Come One, Come All, Transcribe #SITranscribe

When I was a wee graduate student, my internship was with the New York Public Library at Lincoln Center Music Division. There I got to do some backlog work, learn how to read the Cyrillic alphabet–a skill now very rusty–and see some beautiful illuminated manuscripts. Once I graduated and found gainful employment, I showed up again in Bob Kosovsky’s office looking for a volunteer project.

Bob set me to transcribing a small collection’s catalog cards. It’s been 8 years and honestly, I’ve forgotten the details of the project. But an evening or so a week and 4-5 hours on most Saturdays, I blithely waltzed past the security as only those who know exactly where they are going are wont to do and settled in at a computer with a drawer.

I finished the project just shortly before I moved to Chicagoin 2006. I think, had I stayed, that the sheet music cards–which took up about 10x the number of drawers, was going to be next. That would have been a project probably taking up 5 years worth of Saturdays, but what riches might I have uncovered?

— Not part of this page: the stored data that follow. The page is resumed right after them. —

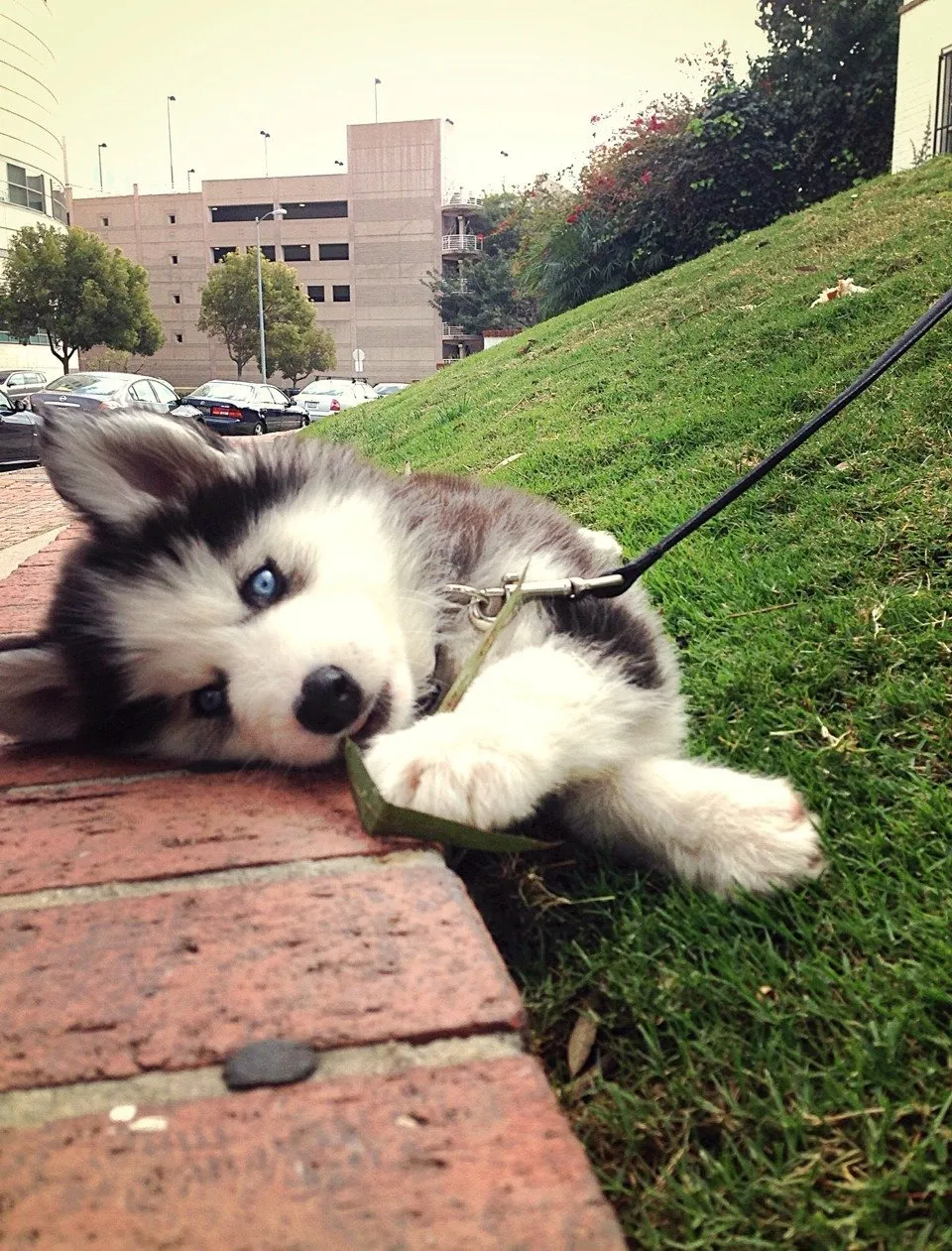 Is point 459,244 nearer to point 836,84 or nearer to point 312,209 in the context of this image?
point 312,209

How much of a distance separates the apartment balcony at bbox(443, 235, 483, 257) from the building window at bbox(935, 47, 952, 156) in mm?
48412

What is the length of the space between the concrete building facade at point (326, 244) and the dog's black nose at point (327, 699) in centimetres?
6287

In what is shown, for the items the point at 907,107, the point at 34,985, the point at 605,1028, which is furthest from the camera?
the point at 907,107

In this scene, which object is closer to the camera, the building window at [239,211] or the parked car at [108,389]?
the parked car at [108,389]

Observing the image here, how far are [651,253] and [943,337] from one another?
12.1m

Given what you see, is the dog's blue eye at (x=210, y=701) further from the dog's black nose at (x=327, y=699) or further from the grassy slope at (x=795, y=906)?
the grassy slope at (x=795, y=906)

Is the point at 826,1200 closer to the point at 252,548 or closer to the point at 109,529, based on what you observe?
the point at 252,548

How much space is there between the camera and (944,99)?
555 inches

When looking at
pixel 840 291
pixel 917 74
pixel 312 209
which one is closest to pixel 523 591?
pixel 840 291

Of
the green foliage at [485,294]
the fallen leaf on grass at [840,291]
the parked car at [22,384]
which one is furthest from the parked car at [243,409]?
the green foliage at [485,294]

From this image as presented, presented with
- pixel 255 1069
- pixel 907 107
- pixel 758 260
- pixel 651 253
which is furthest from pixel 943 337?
pixel 907 107

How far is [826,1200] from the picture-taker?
98cm

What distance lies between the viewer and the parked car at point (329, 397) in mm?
30547

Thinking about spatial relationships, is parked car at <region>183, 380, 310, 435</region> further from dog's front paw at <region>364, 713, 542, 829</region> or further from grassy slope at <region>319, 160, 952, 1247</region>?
dog's front paw at <region>364, 713, 542, 829</region> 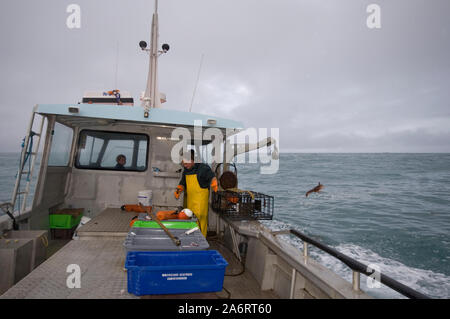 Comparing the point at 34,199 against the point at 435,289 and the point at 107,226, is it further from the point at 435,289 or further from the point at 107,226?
the point at 435,289

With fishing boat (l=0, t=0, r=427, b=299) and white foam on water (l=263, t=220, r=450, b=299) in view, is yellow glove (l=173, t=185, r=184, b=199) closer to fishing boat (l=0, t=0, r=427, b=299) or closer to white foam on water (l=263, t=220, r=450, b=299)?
fishing boat (l=0, t=0, r=427, b=299)

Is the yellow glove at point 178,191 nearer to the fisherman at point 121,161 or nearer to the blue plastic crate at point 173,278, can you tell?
the fisherman at point 121,161

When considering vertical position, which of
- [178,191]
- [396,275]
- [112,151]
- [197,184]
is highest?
[112,151]

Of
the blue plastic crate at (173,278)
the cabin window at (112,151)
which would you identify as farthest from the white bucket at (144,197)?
the blue plastic crate at (173,278)

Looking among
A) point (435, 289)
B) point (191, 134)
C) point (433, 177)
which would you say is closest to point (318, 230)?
point (435, 289)

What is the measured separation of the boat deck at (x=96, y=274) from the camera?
7.04 feet

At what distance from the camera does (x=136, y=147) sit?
5.71 m

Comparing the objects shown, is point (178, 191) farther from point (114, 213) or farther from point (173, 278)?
point (173, 278)

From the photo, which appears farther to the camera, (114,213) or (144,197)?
(144,197)

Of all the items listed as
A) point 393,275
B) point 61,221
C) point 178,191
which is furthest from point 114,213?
point 393,275

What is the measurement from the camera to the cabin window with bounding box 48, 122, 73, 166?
4.63m

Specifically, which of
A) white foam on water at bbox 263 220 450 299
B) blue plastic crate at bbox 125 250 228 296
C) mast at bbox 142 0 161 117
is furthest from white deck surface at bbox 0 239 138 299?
white foam on water at bbox 263 220 450 299

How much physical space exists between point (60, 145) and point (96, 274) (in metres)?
3.42

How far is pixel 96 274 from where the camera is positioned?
2.50 meters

Finding the new Smithsonian Transcription project felt a bit like picking back up where I had left off after that move. Launched very recently, the website is still in Beta, but you can easily create an account, log in, and start transcribing a project.

The selection is pretty broad. I was working on a book that was from India; note cards from an Alabama to English dictionary which required that I open the symbols section on my computer; handwritten diaries. It looks like they’ve started with about 40 projects, which seems a good and very ambitious starter set. Themes like the Civil War, Field Book Registry, and American Experience broadly appeal to different groups.

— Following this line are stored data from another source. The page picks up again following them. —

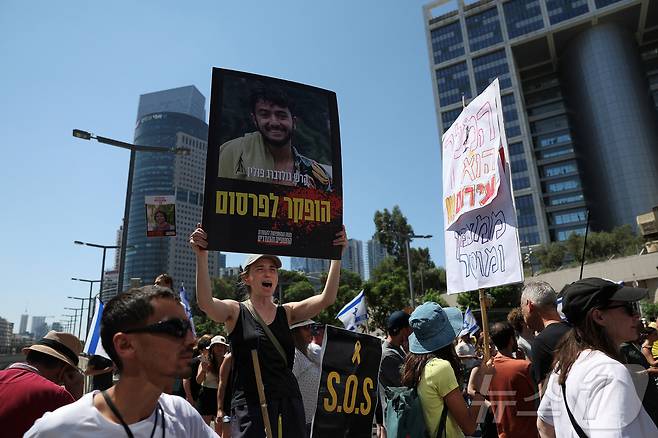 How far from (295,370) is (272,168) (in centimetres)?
233

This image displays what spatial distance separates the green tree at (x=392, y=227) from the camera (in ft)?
203

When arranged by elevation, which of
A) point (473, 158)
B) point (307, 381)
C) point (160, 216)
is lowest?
point (307, 381)

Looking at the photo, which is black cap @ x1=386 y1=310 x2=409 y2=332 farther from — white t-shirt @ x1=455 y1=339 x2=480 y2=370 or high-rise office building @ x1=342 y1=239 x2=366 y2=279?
high-rise office building @ x1=342 y1=239 x2=366 y2=279

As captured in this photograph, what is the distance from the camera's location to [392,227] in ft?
203

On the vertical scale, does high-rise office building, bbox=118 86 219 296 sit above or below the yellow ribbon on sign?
above

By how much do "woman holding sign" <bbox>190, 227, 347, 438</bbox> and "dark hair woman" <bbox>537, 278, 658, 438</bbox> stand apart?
5.00 ft

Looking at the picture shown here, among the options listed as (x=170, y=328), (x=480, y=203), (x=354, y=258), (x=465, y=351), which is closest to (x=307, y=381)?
(x=480, y=203)

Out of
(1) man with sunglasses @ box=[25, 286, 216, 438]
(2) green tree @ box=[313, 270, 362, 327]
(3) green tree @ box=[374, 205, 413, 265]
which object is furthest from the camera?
(3) green tree @ box=[374, 205, 413, 265]

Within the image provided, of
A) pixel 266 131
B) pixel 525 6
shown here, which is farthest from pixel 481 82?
pixel 266 131

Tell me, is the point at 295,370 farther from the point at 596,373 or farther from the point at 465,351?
Result: the point at 465,351

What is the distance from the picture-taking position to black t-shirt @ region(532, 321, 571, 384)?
311 centimetres

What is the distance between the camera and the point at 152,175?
5316 cm

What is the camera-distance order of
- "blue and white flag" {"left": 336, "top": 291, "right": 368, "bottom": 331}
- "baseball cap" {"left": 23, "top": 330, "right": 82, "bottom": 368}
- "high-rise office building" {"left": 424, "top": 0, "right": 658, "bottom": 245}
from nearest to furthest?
"baseball cap" {"left": 23, "top": 330, "right": 82, "bottom": 368}, "blue and white flag" {"left": 336, "top": 291, "right": 368, "bottom": 331}, "high-rise office building" {"left": 424, "top": 0, "right": 658, "bottom": 245}

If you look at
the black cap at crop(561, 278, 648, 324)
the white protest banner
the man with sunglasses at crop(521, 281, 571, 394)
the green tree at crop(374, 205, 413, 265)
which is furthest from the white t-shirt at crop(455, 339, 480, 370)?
the green tree at crop(374, 205, 413, 265)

If you’re not up for all that typing, you can also review. Pages get transcribed, then reviewed, and then submitted to the Smithsonian staff for final confirmation.  Also, you don’t have to have an account to try transcribing, if you’d like to swing by and test drive it.

This seems like it would be a fun project to get involved with at a school — pick a project, transcribe a few pages, find out history surrounding it. Once these are done they would be tremendous resources for National History Day Projects as primary resources.

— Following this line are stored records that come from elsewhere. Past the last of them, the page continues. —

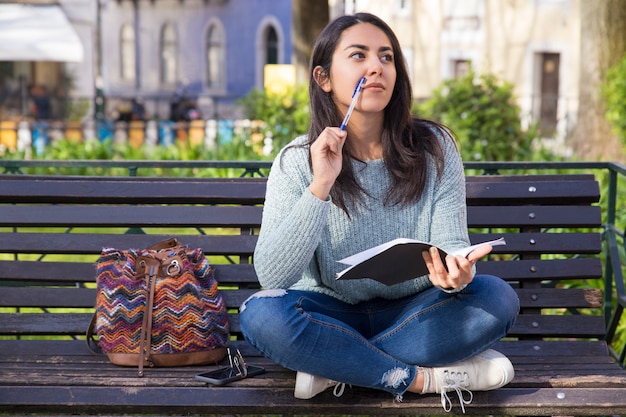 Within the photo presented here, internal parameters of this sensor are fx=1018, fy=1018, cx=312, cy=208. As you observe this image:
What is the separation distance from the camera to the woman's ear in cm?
326

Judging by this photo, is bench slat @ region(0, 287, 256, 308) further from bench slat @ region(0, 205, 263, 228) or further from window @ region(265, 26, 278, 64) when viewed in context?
window @ region(265, 26, 278, 64)

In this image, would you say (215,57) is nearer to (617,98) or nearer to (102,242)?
(617,98)

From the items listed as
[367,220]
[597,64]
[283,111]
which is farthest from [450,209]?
[597,64]

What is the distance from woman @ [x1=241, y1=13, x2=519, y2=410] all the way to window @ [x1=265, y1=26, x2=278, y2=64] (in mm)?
32308

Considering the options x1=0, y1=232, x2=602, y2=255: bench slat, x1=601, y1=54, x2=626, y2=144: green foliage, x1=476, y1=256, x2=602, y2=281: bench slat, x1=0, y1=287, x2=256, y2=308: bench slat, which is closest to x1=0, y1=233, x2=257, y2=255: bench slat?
x1=0, y1=232, x2=602, y2=255: bench slat

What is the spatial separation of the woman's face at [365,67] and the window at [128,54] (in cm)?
3670

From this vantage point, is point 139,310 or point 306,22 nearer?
point 139,310

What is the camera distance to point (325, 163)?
292 centimetres

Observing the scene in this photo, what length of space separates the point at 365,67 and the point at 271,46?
32.6 metres

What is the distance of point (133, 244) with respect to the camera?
3576mm

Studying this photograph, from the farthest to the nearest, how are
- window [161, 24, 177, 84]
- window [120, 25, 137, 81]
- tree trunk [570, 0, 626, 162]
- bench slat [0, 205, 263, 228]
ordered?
window [120, 25, 137, 81] → window [161, 24, 177, 84] → tree trunk [570, 0, 626, 162] → bench slat [0, 205, 263, 228]

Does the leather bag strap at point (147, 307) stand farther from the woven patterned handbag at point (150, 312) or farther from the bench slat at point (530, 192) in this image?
the bench slat at point (530, 192)

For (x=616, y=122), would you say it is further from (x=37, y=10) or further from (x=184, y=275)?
(x=37, y=10)

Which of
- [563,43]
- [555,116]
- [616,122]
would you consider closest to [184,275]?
[616,122] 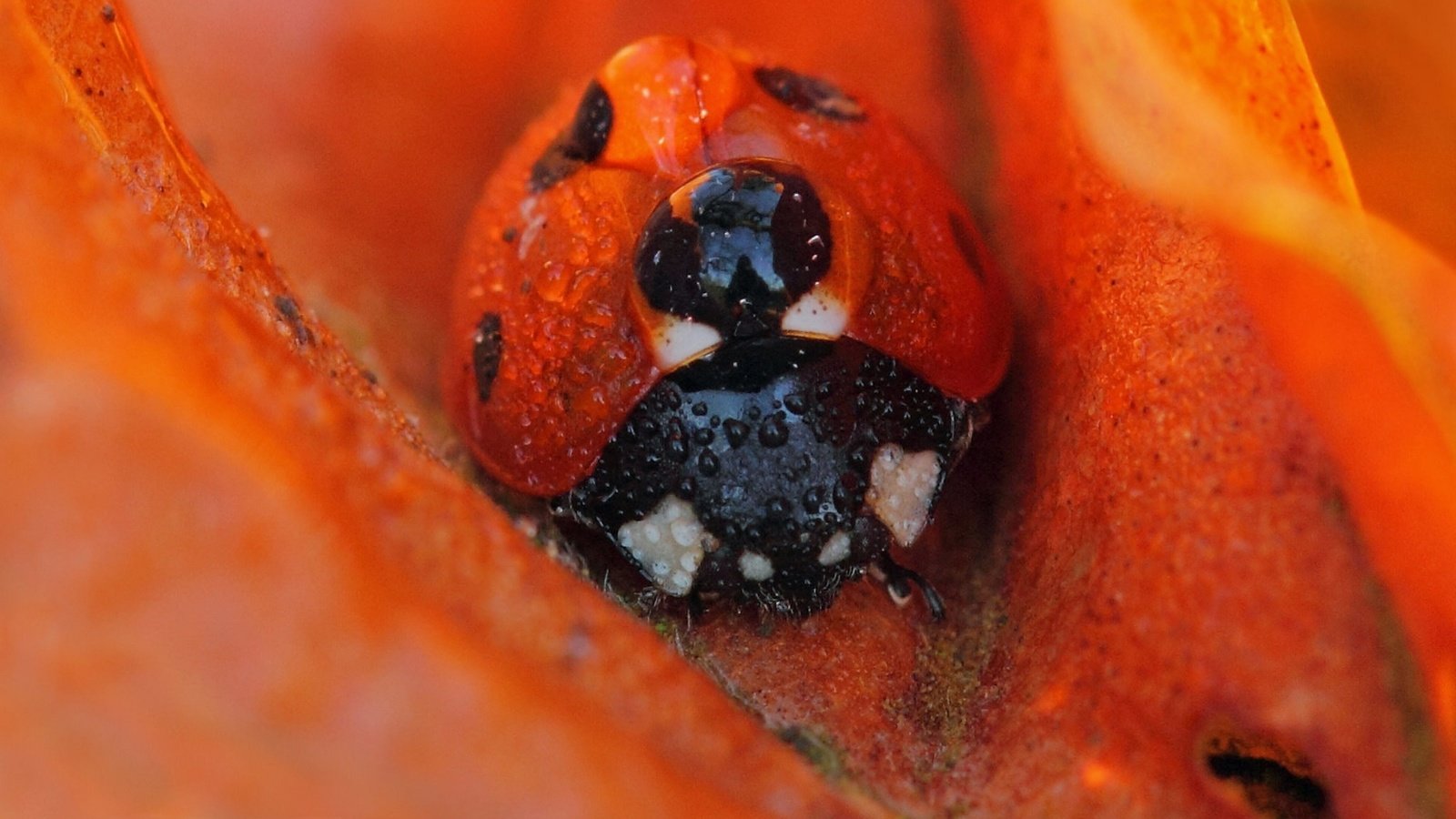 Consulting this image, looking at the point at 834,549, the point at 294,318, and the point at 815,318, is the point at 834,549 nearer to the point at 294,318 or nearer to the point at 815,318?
the point at 815,318

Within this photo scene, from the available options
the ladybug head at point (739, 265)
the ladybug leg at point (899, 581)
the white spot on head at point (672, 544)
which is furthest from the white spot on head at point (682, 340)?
the ladybug leg at point (899, 581)

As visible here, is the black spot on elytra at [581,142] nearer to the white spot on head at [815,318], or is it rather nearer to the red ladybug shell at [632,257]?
the red ladybug shell at [632,257]

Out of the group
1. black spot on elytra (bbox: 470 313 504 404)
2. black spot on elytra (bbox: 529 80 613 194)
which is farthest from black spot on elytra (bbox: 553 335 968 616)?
black spot on elytra (bbox: 529 80 613 194)

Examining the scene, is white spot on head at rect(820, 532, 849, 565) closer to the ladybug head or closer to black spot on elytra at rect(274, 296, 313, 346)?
the ladybug head

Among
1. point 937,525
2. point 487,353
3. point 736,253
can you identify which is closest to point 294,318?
point 487,353

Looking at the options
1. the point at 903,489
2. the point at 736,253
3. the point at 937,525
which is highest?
the point at 736,253

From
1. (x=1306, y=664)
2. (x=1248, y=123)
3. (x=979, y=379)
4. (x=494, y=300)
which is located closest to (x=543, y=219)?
(x=494, y=300)

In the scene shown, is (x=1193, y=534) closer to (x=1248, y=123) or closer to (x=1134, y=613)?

I am guessing that materials will be available in the collections search  upon completion. That part still seems a little bit vague. But again, they’re in beta. From the Collections Terms of Use page I did find “The Smithsonian invites visitors to use its online content for personal, educational and other non-commercial purposes.” so I may look to grab some of their images for classes or presentations.

What will you do with it?

 

 

2 Comments

  1. Comment by Cleo Pappas:

    How very cool and interesting! Do you enlarge the pictures to read the script?? Is there a certain number of pieces you have to do?

  2. Comment by Abigail Goben:

    Yes, you can enlarge the pictures! There’s no minimum requirement, you can do three words and then stop if you’re having trouble with a page.